第52話 クエスト完了

オーガキングの討伐と、レベルアップの知らせが表示される。さらにオーガキングからいくつかのドロップも表示された。


【UR】帽子

【SR】腕輪

【素材】太郎豆

【素材】エフの絹

大魔元石×3


「よし、倒せたな」

「レベルすげー上がったぞ」

「ボス級のレベル550だからね、そりゃ上がるでしょ」

「それより、【SR】腕輪がドロップしたよ、腕輪にはジョブスキル関連の補正がよく付くから楽しみ」

「装備品でそんな特色があるのか?」

「わかりやすいのだと、鎧には防御関係、武器には攻撃関係っていうふうに付きやすい補正はあるから、まあ、それでも異色な補正の付き方があったりして、それも面白いんだけどね」


「ドロップした装備の話もいいんだが、そういや孫たちは大丈夫か」


オーガキングとの戦いで、広範囲に攻撃が広がったこともあり、集落の人が巻き込まれたか心配になった。しかし、オーガキングの範囲攻撃も集落の人たちまでは届いていなかったようで、無事のようだった。


「おっっ、皆、無事なのか!」

「じいさん!」

「ヒサ! マサ! 無事じゃったか!」

「おー ジロウタ! おっかあだぞ」


いつの間にか集落の人々が集まり、捕まっていた人たちと再会を喜び合う。ベストタイミングと言うか、ゲームのフラグありきの展開というか、都合の良い進行にちょっとあぜんとしてしまう。


「どうやら婆さんも孫と再会できたようだな」


朝陽の言葉に反応して見ると、あのお婆さんが小さい子、それに笑顔の男女と再会を喜んでいる。幸せそうなその顔に、僕たちの判断は間違っていなかったと思い、嬉しくなった。


「ちょっとあれ見て」


大円団のさなか、理央が何かを見つけたようで、そう声をかけてくる。見ると、なんとそこには下へと続く階段が現れていた。

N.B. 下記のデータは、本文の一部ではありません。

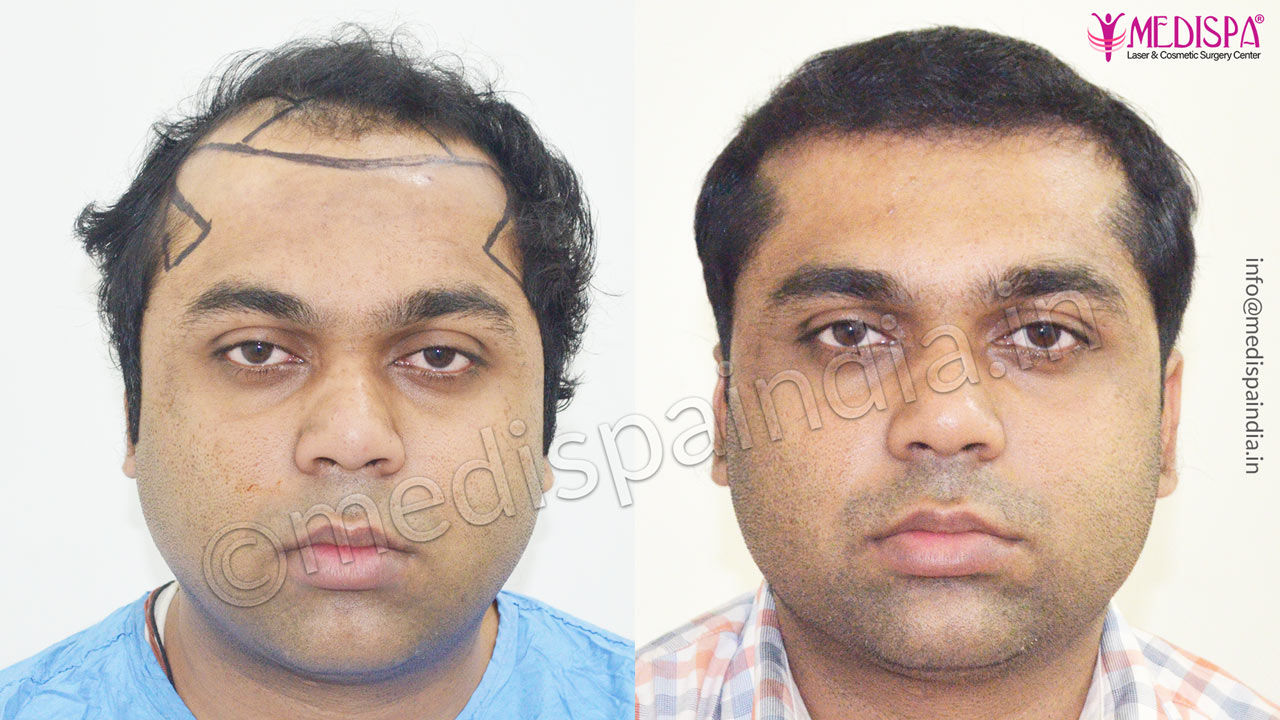 celebrity hair transplant result 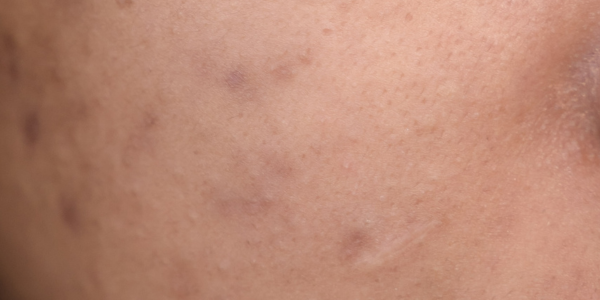 Flat red and brown marks left on the skin after acne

「どうやらこのクエストが、階層クリアの条件だったようだな」

「えっ、じゃあ、さっきのが階層ボスだったんだ」

「ちょっと待てよ、じゃあ、ボス討伐の報酬はどこにあるんだ」

「どうも、今回はそういうのはないみたいね」

「なんだよ、結構、強かったぞ、オーガキング、なんかくれよな」

「でもドロップはあったからいいんじゃないかな」

「あっ、そうだ、おばあちゃんちに戻って早く鑑定しようよ。ヒマリに合う装備だったら嬉しいな」


そのヒマリの言葉に対して思いついたように朝陽がこう提案してきた。

「それなんだが、このまま下の階層にいかねえか?」


「えっ! 休まないの?」

「どういう理由だ?」


「このクエストのリセットの条件がよくわからんしな、このまま俺たちは、婆さんたちとは関わらないようにして、去った方がいいじゃねえかと思ってな」

「確かに、それが無難かもな」

「そうだよね、変にかかわってまた話が戻ったりしたら可哀そう」


ということで、お婆さんたちをなるべくそっとしておいて、僕たちはこのまま階段を下りることを選択した。できればもう一泊くらいしたかったけど、仕方ないかもしれない。


最後にお婆さんたちの喜ぶ姿を見ながら僕たちは階段を下りて行った。幸せそうな笑顔を見ると、この先に何が待ち受けているかわからないけど、きっと良い結果が待ってると信じられた。